→ What the task asks: Transcribe every line from the one containing "16mm Male Adapter" through the end of the records below, exactly, but not the pictures.

(Image-text web data)

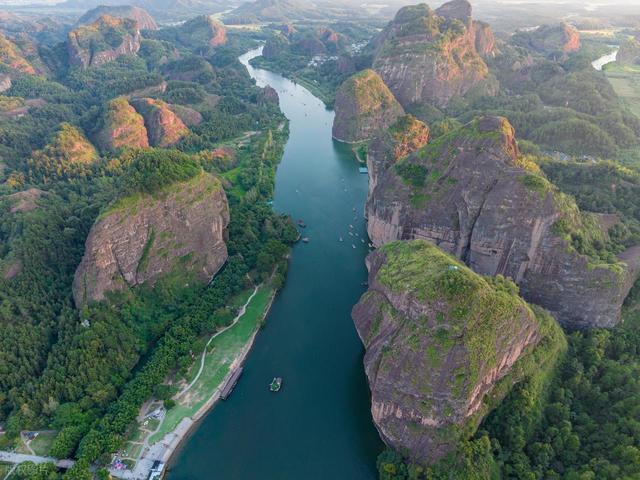江西最好玩的6个城市，你去过几个？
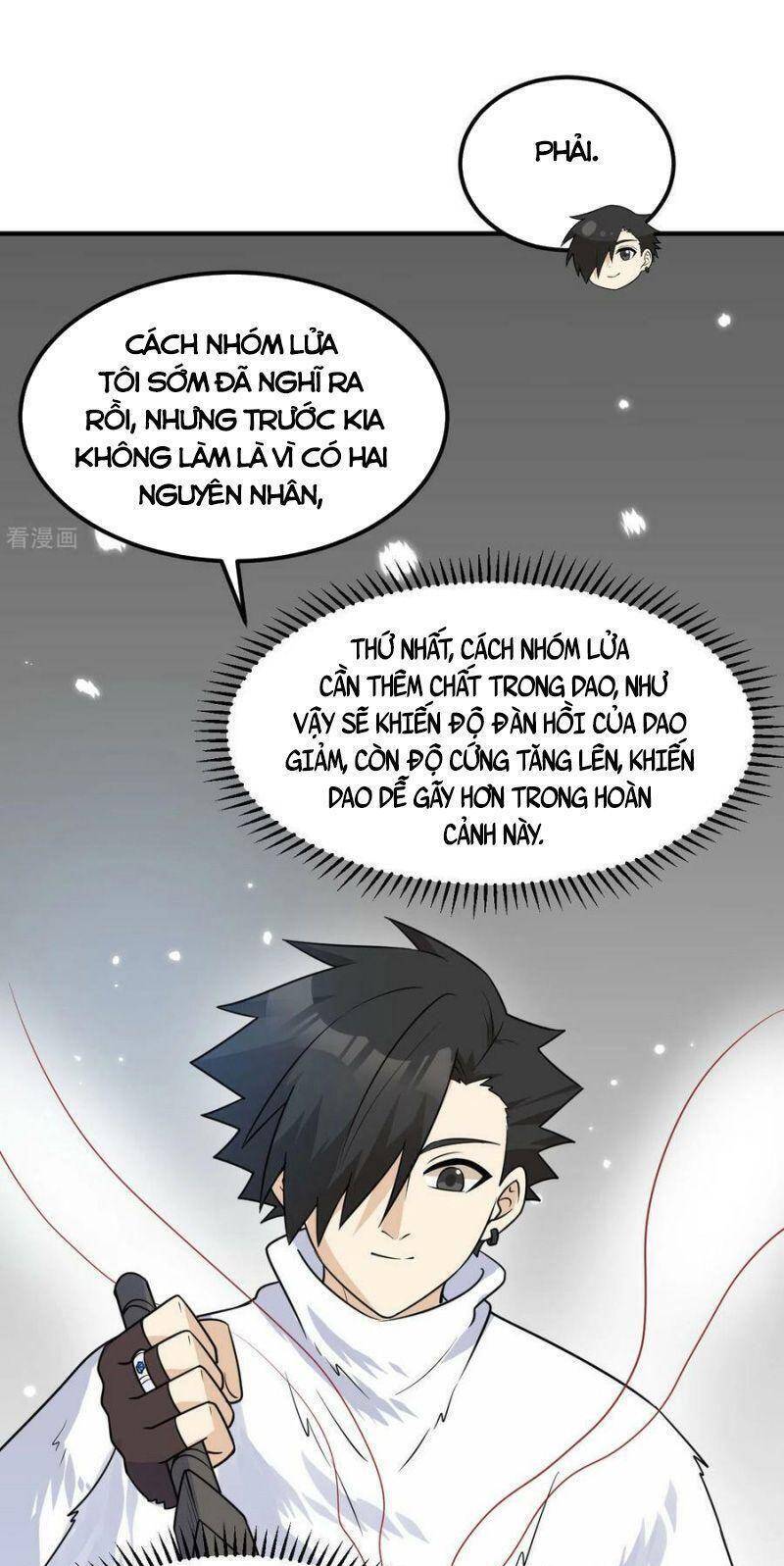 Sống Trên Hoang Đảo Cùng Các Em Gái Chapter 224 - Trang 2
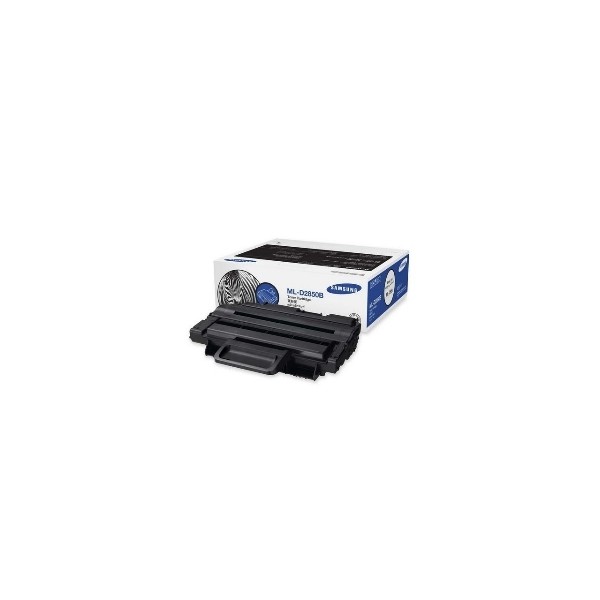 Toner samsung ml - d2850b - els negro 5000 paginas ml - 2850d -  ml - 2851nd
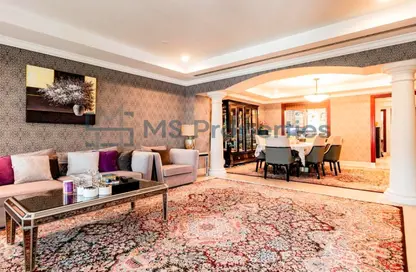 Townhouse - 2 Bedrooms - 3 Bathrooms for sale in West Porto Drive - Porto Arabia - The Pearl Island - Doha
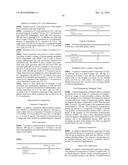 BENZIMIDAZOLE DERIVATIVES AS RLK AND ITK INHIBITORS diagram and image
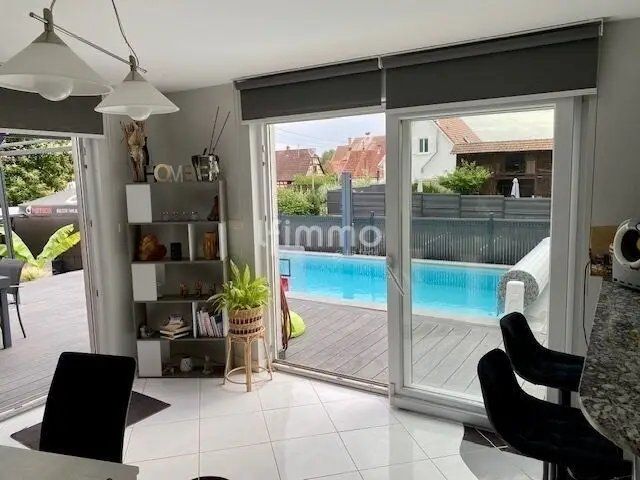 Maison à vendre, 167m², Gundershoffen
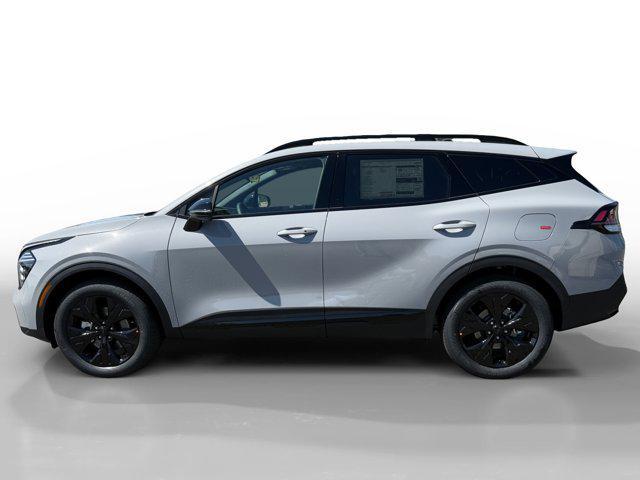 new 2025 Kia Sportage car, priced at $33,610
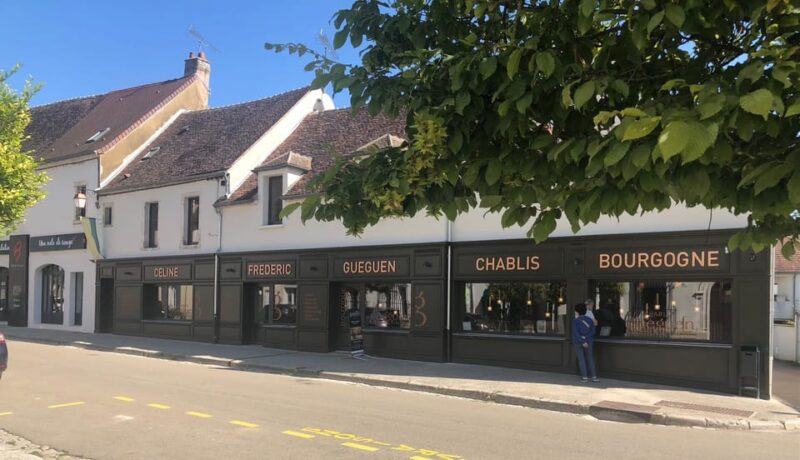 Escapade and tasting in the Chablis vineyards - Exploring Several Chablis Climats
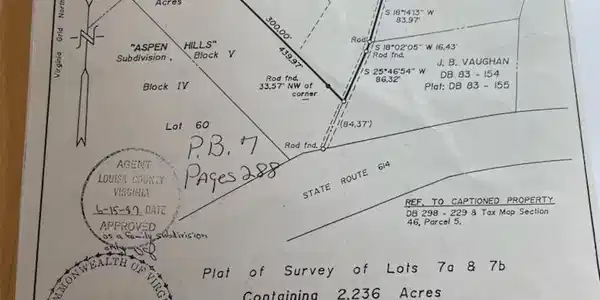 Lot 7 CONNIE LN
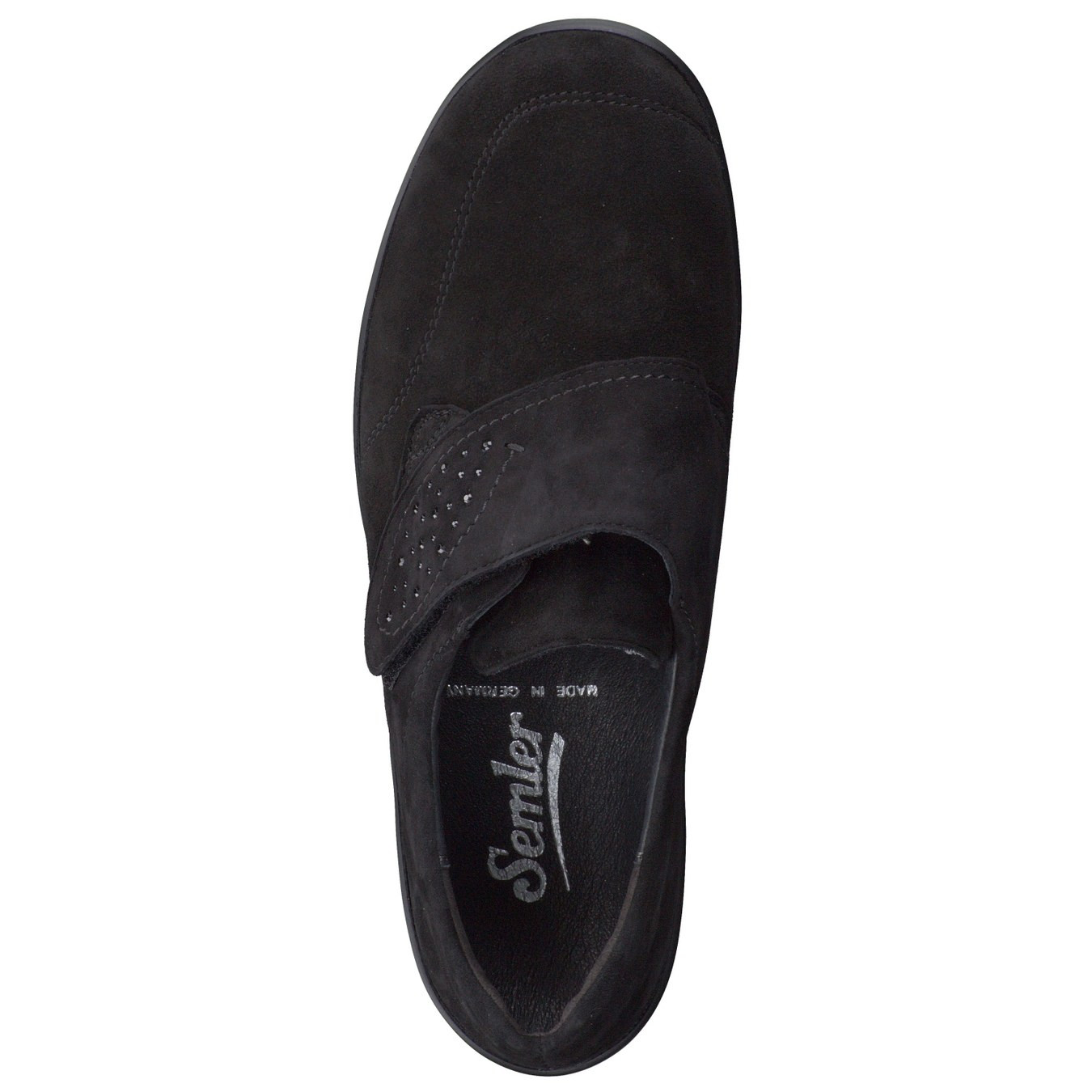 Slipper schwarz 2583009001407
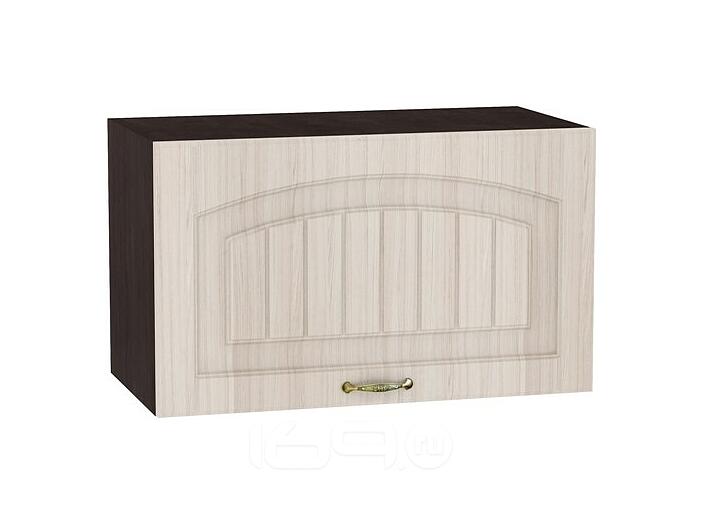 Шкаф верхний горизонтальный Верона ВГ 600 Ясень шимо светлый-Венге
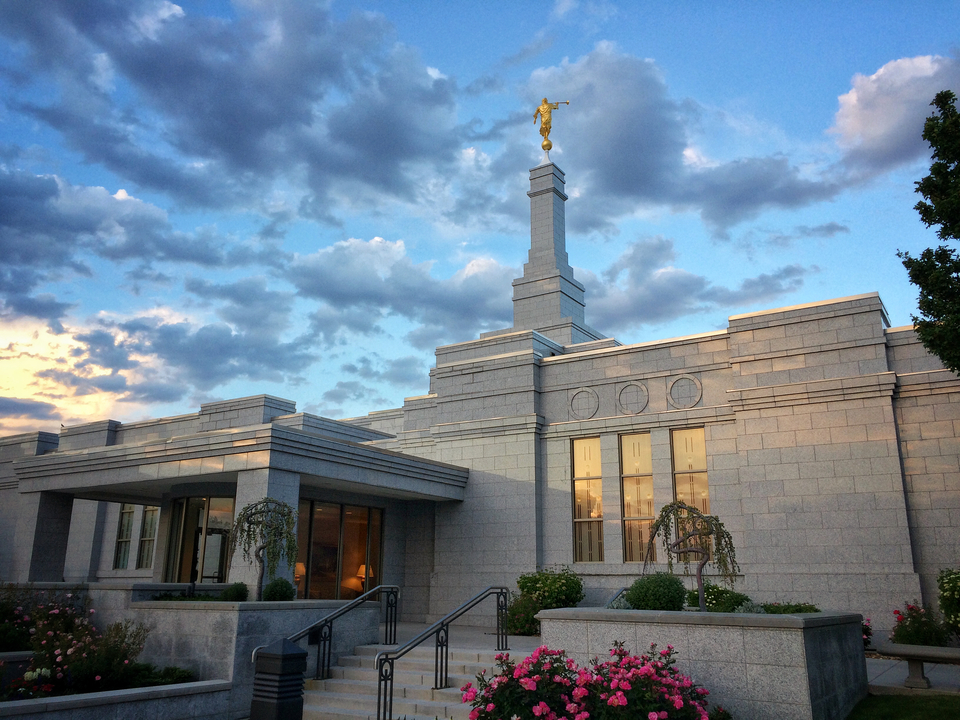 Reno Nevada Temple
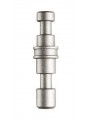 16mm Male Adapter 5/8'' mit 17mm Manfrotto - Aufsatz 17mm Bolzen
Obere Befestigung 5/8'' (16mm) Bolzen
Aluminium
7,3cm in der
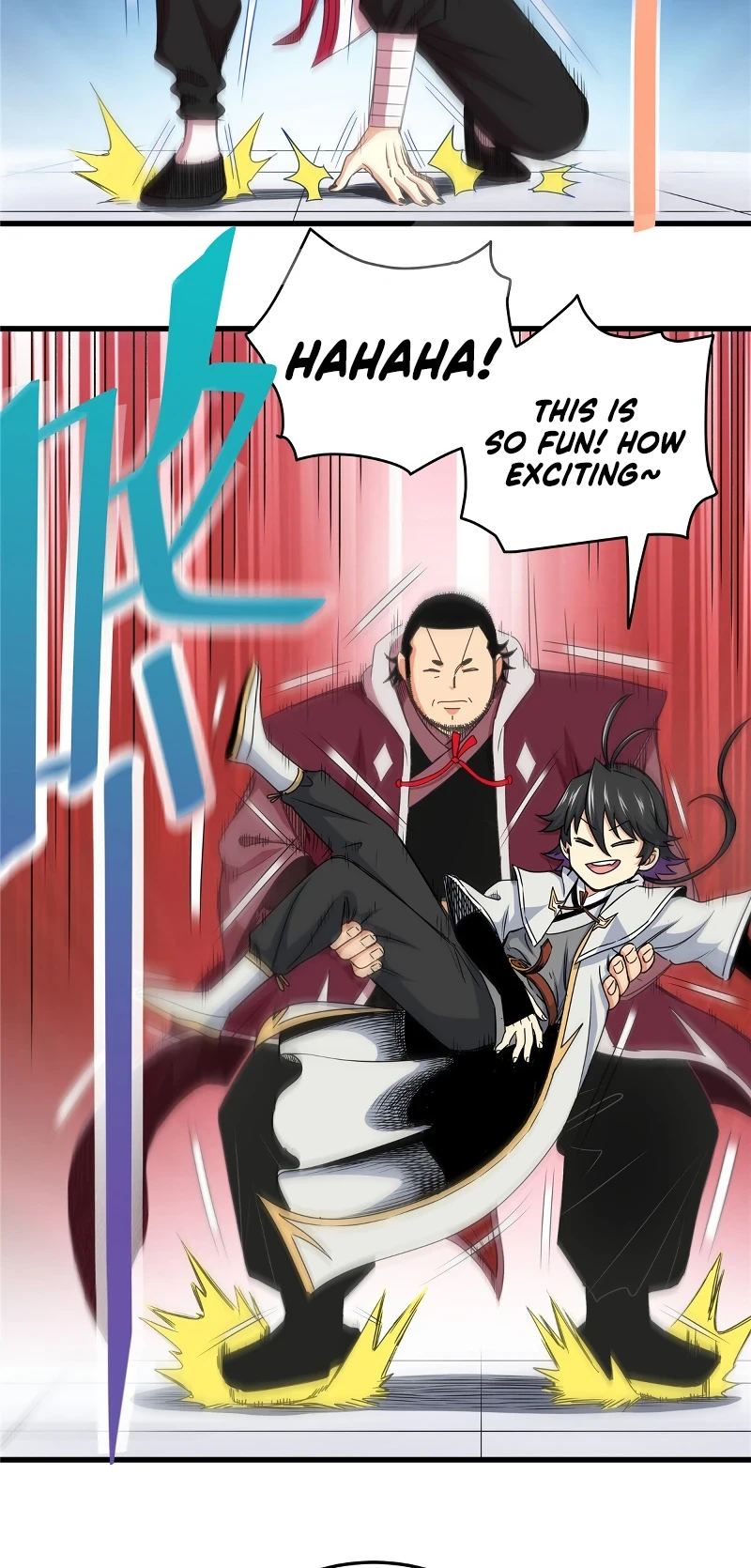 Emperor’s Domination Chapter 11 - Page 30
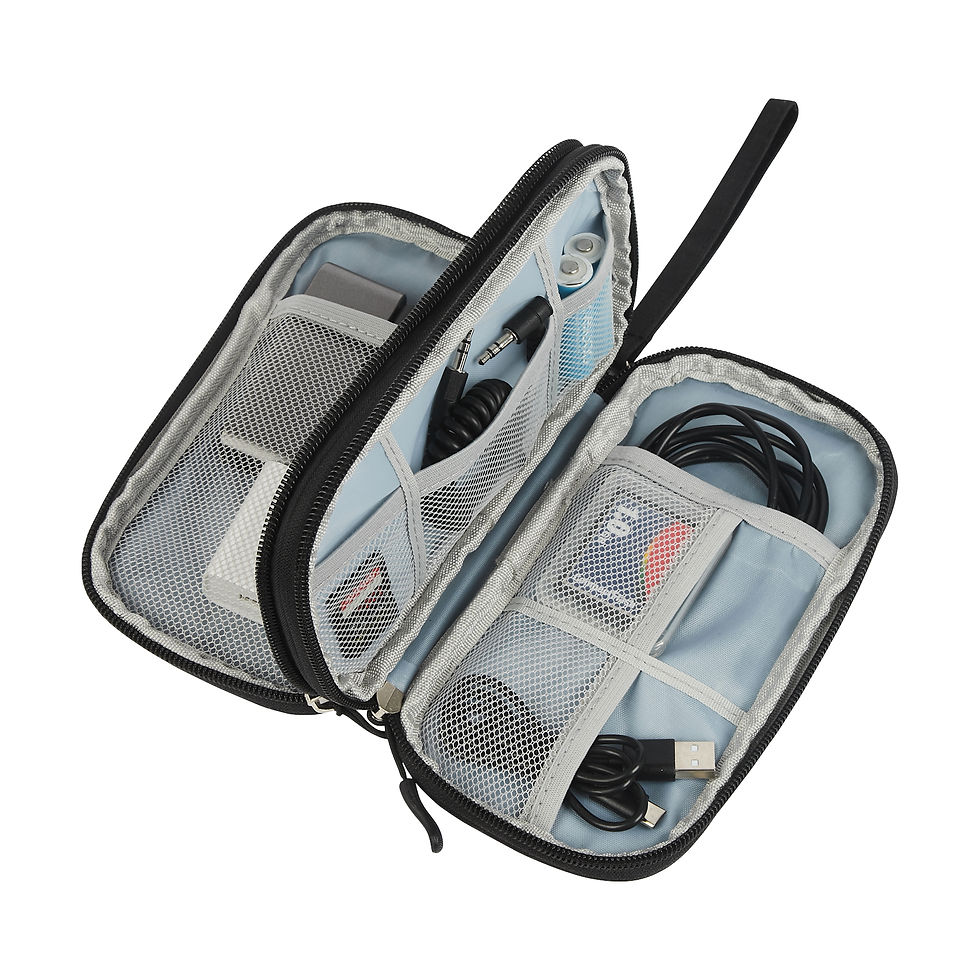 Thumbnail: Nova Travel / Tech Accessory Organizer Case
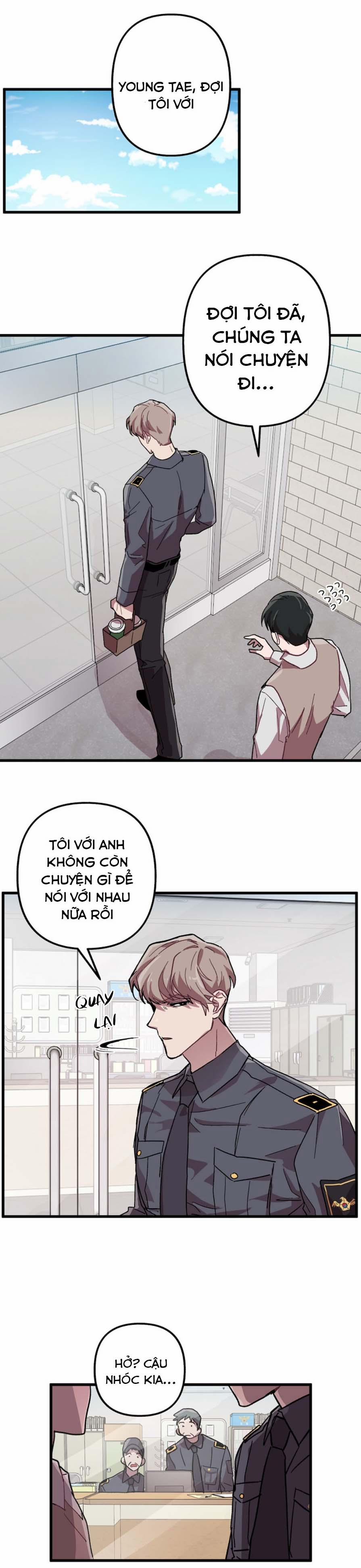 Tiệm Giặt Của Dae Hyun 7 trang 0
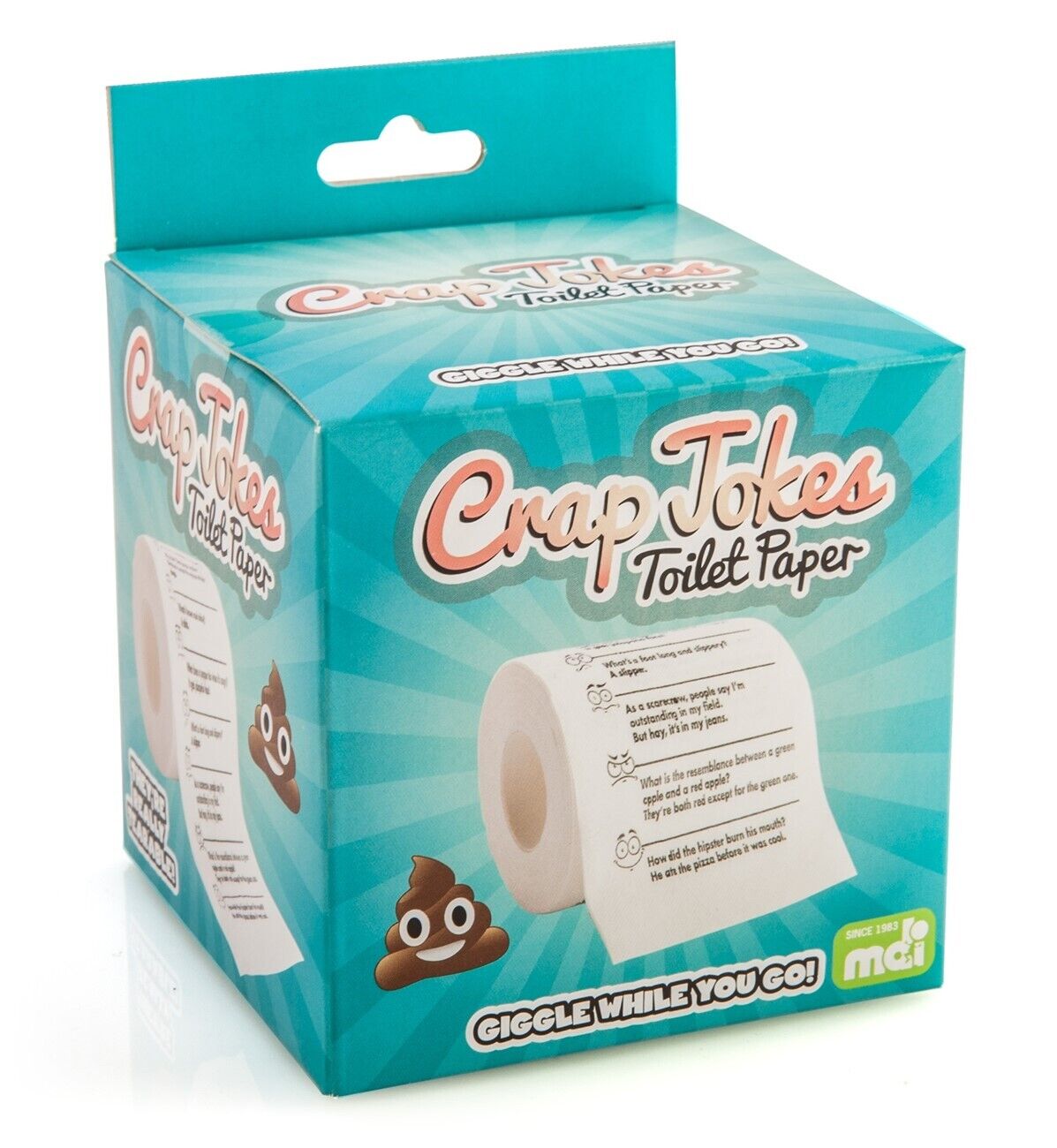 NOVELTY TOILET PAPER Jokes, Puzzles & More Brand New - Bild 16 von 60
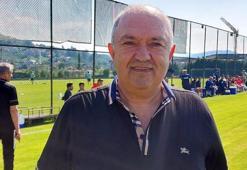 Gaziantep FK Başkanı Cevdet Akınal: Yüksekte bir hedefimiz yok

→ Exercise response:
 16mm Male Adapter 5/8'' mit 17mm Manfrotto - Aufsatz 17mm Bolzen
Obere Befestigung 5/8'' (16mm) Bolzen
Aluminium
7,3cm in der
 Emperor’s Domination Chapter 11 - Page 30
 Thumbnail: Nova Travel / Tech Accessory Organizer Case
 Tiệm Giặt Của Dae Hyun 7 trang 0
 NOVELTY TOILET PAPER Jokes, Puzzles & More Brand New - Bild 16 von 60
 Gaziantep FK Başkanı Cevdet Akınal: Yüksekte bir hedefimiz yok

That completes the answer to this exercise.